Can ML predictors detect mislabeled amyloids? 🧠🧬

publications

amyloids

A fascinating study showing that amyloid prediction tools can identify misannotated training data, even when those wrong labels were part of the training set.

Author

BioGenies Lab

Published

April 26, 2021

Keywords

amyloid, AmyloGram, machine learning, bioinformatics, IR spectroscopy, AFM, weak supervision

📌 Project highlights

🧬 Tests robustness of amyloid prediction tools
⚠️ Investigates mislabeled experimental datasets
🤖 AmyloGram successfully identifies annotation errors
🔬 Combines ML with IR spectroscopy & AFM validation
🧠 Demonstrates resilience to weak supervision

🎉 New paper out!

What happens when the training data itself is wrong? 😅

👉 Bioinformatics methods for identification of amyloidogenic peptides show robustness to misannotated training data

🔗 Paper links

📄 Nature Scientific Reports article
🌐 AmyloGram

🎧 Audio summary

Machine learning models are only as good as their training data… right? 🤔

But what if:

experiments disagree,
databases contain annotation errors,
and the model was trained on mislabeled sequences?
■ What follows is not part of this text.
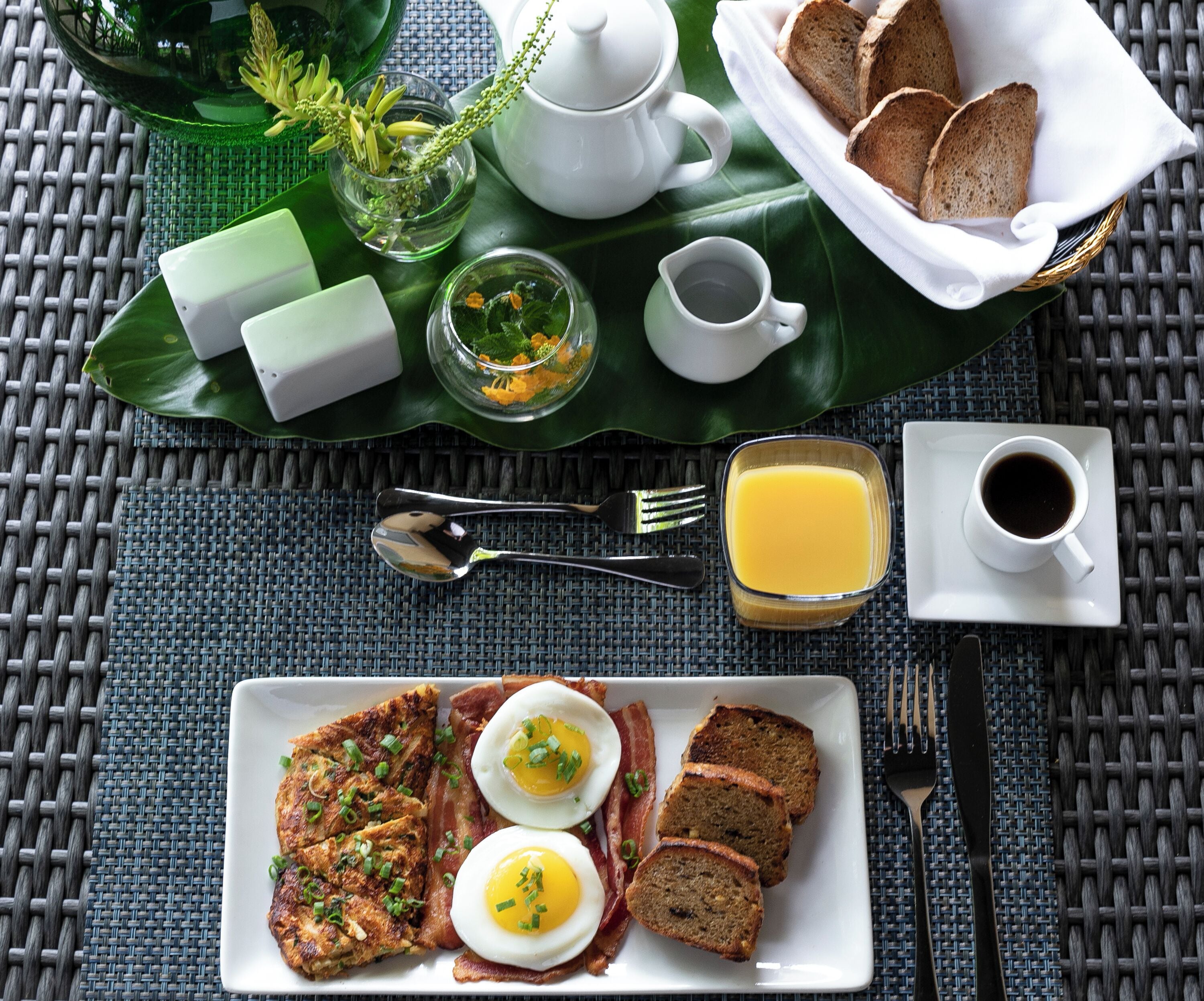 A breakfast tray with toast, eggs, bacon, and juice on a woven tablecloth.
This paper tested exactly that.

🔬 What is this about?

Amyloid aggregation is central to diseases such as:

Alzheimer’s disease
Parkinson’s disease
systemic amyloidoses

But identifying whether a peptide is amyloidogenic is difficult.

Researchers typically rely on:

🔬 AFM or electron microscopy
🌈 Thioflavin T staining
📈 infrared spectroscopy (IR)

The problem?

👉 these methods do not always agree.

Especially for:

oligomers,
transient aggregates,
partially aggregated peptides.

This can produce:

❌ mislabeled databases
❌ noisy training sets
❌ weak supervision problems

🤖 The core question

Can machine learning models:

👉 detect errors in their own training data?

That’s a very dangerous test for overfitting 😄

🧠 What we tested

The study analyzed:

AmyloGram
PATH
FoldAmyloid
PASTA 2.0

We have selected:

peptides strongly agreeing with database labels ✅
peptides strongly disagreeing with database labels ❌

and then re-tested them experimentally.

🔬 Experimental validation

To verify peptide behavior, the team used:

🧪 IR spectroscopy

Two complementary IR methods:

ATR-FTIR
IR microscopy

🔬 Atomic Force Microscopy (AFM)

Used for direct visualization of aggregates and fibrils.

🧬 The cool part: oligomers

The paper highlights something very important:

👉 amyloid prediction is NOT binary.

There are at least 3 experimentally relevant classes:

non-amyloid
oligomer
mature amyloid fibril

And oligomers are especially tricky because:

they are often highly toxic,
experimentally unstable,
difficult to classify.

📊 Key results

⚠️ Massive misannotation discovered

Among 24 experimentally tested “outlier” peptides:

17 were actually misannotated in databases

That means:

👉 the ML model was often RIGHT
👉 the database labels were WRONG 😅

🤖 AmyloGram resisted overfitting

Even though those mislabeled peptides were:

👉 already present in the training set,

AmyloGram still identified many as suspicious.

This is a huge result.

It suggests:

🧠 ML models can sometimes act as quality-control filters for biological databases.

📈 Spectroscopy + PCA worked beautifully

The paper also used:

principal component analysis (PCA)
on IR spectra

to separate:

amyloids
non-amyloids
ambiguous oligomers

🔬 Experimental insights

🧪 IR microscopy outperformed ATR-FTIR

The authors conclude that:

👉 IR microscopy was generally more reliable

because ATR-FTIR could be influenced by:

water interactions
sample thickness
surface effects

🧬 Oligomers complicate annotations

Some sequences behaved differently depending on the method used.

Example:

SFLIFL formed oligomers but not mature fibrils

This explains why database labels may become inconsistent.

🧠 Why this matters

📚 For machine learning

This paper is a great example of:

👉 weak supervision in biology.

The training labels are not absolute truth.

🔬 For amyloid research

It shows that:

experimental methods have biases
annotation errors are common
computational tools can help detect inconsistencies

🚀 For bioinformatics pipelines

The work suggests that prediction tools can serve as:

classifiers
benchmarkers
and dataset-cleaning systems

💚 BioGenies perspective

This paper quietly delivers a very deep message:

👉 biological databases are messy.

And sometimes:

🤖 the model understands the biology better than the labels.